Overall, it can be seen that if we focus on the exponent space of an encryption scheme, we need to deal with polynomials of a special form only. If \(P(x, y) = 1\), then it should be possible to combine the ciphertext and key polynomials so that \(\alpha s_0\) can be recovered, and then used to unblind the message. The pair encoding framework just abstracts out such similarities between predicate encryption schemes in a formal way.

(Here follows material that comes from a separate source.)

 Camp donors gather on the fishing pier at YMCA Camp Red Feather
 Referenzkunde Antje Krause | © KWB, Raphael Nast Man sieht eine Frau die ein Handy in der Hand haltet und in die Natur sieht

Security Properties and Transformation. Many security properties have been proposed in the literature for pair encodings, and a more restricted structure called predicate encodings [1, 2, 15, 40]. The main contribution of these papers is to give a generic transformation from any pair encoding that satisfies their respective property into a fully secure predicate encryption scheme in composite or prime order groups (or a higher level abstraction called dual-system groups [16]). Proving that a pair encoding scheme satisfies a certain property is significantly easier, especially if the property is information-theoretic, than directly proving security of an encryption scheme. This is not surprising because there are no bi-linear maps, hardness assumptions, or sophisticated dual-encryption techniques involved in this process. Furthermore, verifying security of any number of encryption schemes designed through the pair encoding framework reduces to checking that the respective pair encodings are secure—a much easier task—and that the generic transformation is correct—a one-time effort. Needless to say, this saves a huge amount of work.

A Concrete Example: Unbounded Attribute Re-use. Suppose we want to design an ABE scheme that puts no restriction on the number of times an attribute can be used in an access policy. We know that a linear secret sharing scheme is the standard way to present a policy. It consists of a matrix \(\mathbf {A} \) of size \(m \times k\) and a mapping \(\pi \) from its rows to the universe of attributes. A value \(\gamma \) can be secret-shared through \(\mathbf {A} \) by creating m shares, one for each row. If a user has a set of attributes S, then she gets shares for all the rows that map to some attribute in S through \(\pi \). If S satisfies \((\mathbf {A}, \pi )\), then those shares can be combined to recover \(\gamma \); otherwise, \(\gamma \) is information-theoretically hidden. In nearly all fully secure ABE schemes, the mapping \(\pi \) is assumed to be injective or one-to-one (this is called the one-use restriction), but we want to build an ABE scheme that supports any \(\pi \) whatsoever. In particular, the size of public parameters should not affect how many times an attribute can be used in a policy. (Any such scheme will likely rely on a q-type assumption [30].Footnote 6)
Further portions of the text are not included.